All I want is to know Jesus Christ, and the power of His rising, all I want is to know my Lord and in Him to abide....those words of Paul must echo in every human heart if we are ever to know happiness but also to ever know our destiny. Nothing in this whole world or my life makes sense or is worth fighting for if not to belong to Him and to love Him. He is everything. He who poured himself out....we Christians hear it so much without really understanding it.
About eight years ago I had a bad fall from a horse that rendered me unconscious. Yet I led my horse across a large field to a neighboring house. As soon as I knocked on the door my eyesight came back and the real world appeared before me like magic. It is difficult to describe. That incident changed my life in many significant ways. But it was only last week that I realized that the accident was an exact mirror of my Christian life.
Here I am dancing with my immortal soul, doing what I know is right, doing what I have learned, doing what I have seen, but in a large part doing it blindly. I am groping through life and leading others with me. And I had a large fall. Without even realized the import of it I did offend God in a major way - I was truly blind.

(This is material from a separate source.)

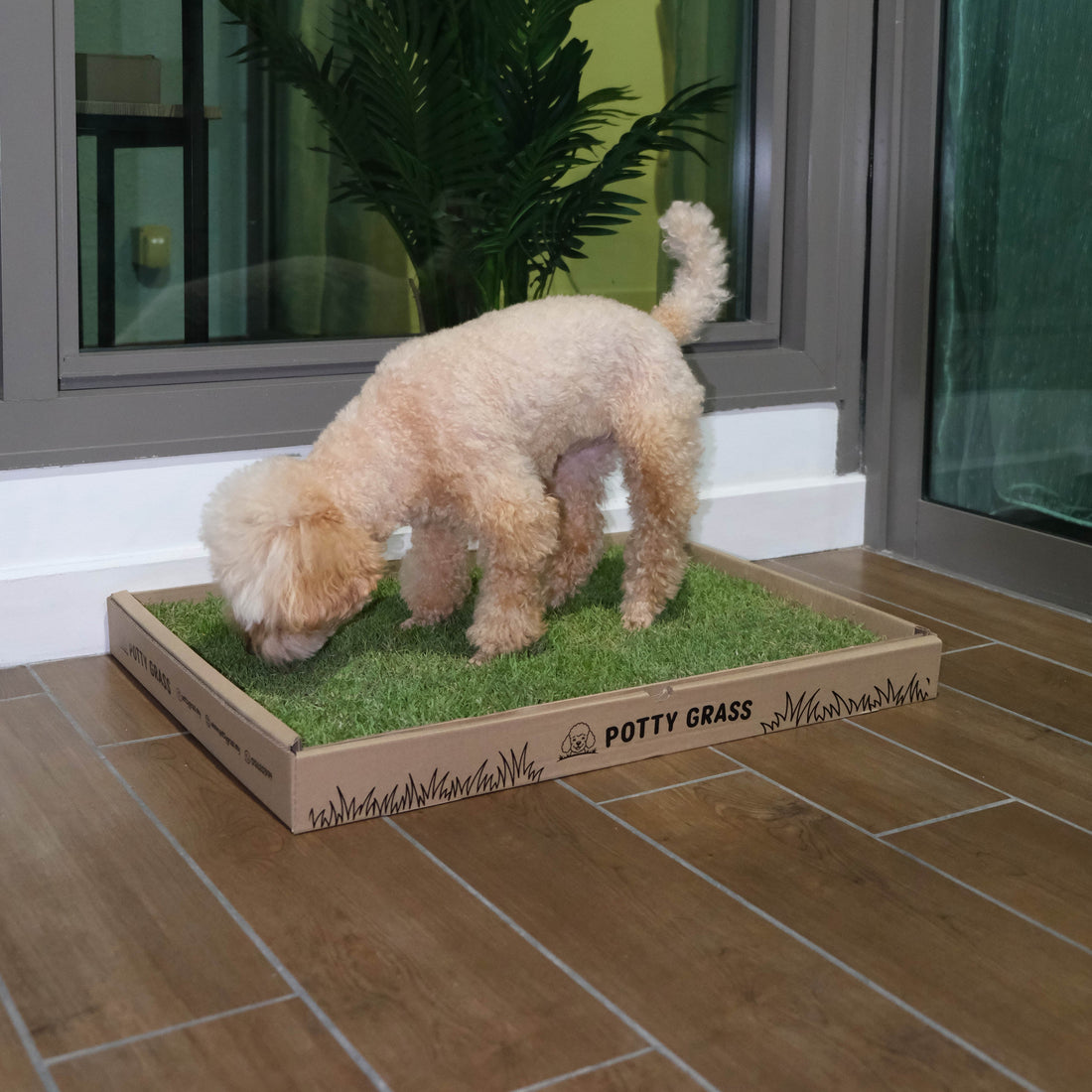 Fake Grass vs. Real Grass: Why Your Dog's Balcony Potty Smells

Yet as I knocked on the door Jesus opened it and the real world appeared before my eyes. I saw in that moment that even someone like me who follows the Lord and loves Him can fall so deeply and inexorably. I realized that I absolutely cannot gut through my Christian life with what I know and study and plow through diligently. God is pleased with those efforts, don't get me wrong. But it is much harder that way.

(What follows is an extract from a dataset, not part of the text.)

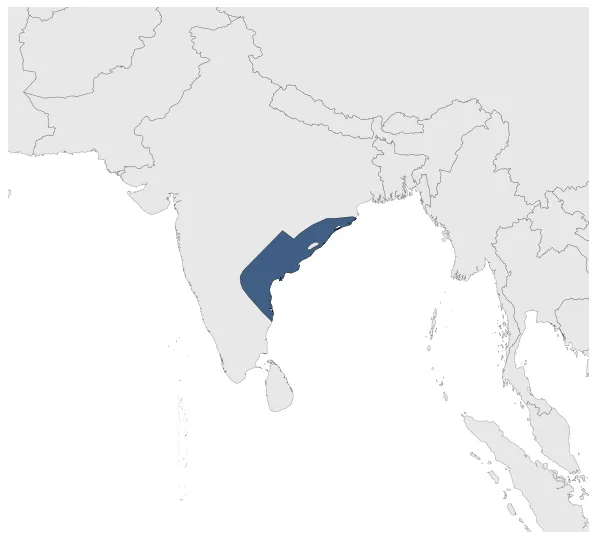 Eastern Chalukyas: Maximal extension of the polity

At the same time as the utter realization of my helplessness and worthlessness of my efforts, I was completely filled with the mercy of the Lord and knew His love and forbearance.
I had heard from many sources that when I receive the Eucharist that Jesus actually takes us into himself. That was a new thought for me after all these years. I always looked at it the other way around. I was eating, taking in the Lord's body. I realized that I was seriously turned around and in many ways had no idea how to start going in the right direction.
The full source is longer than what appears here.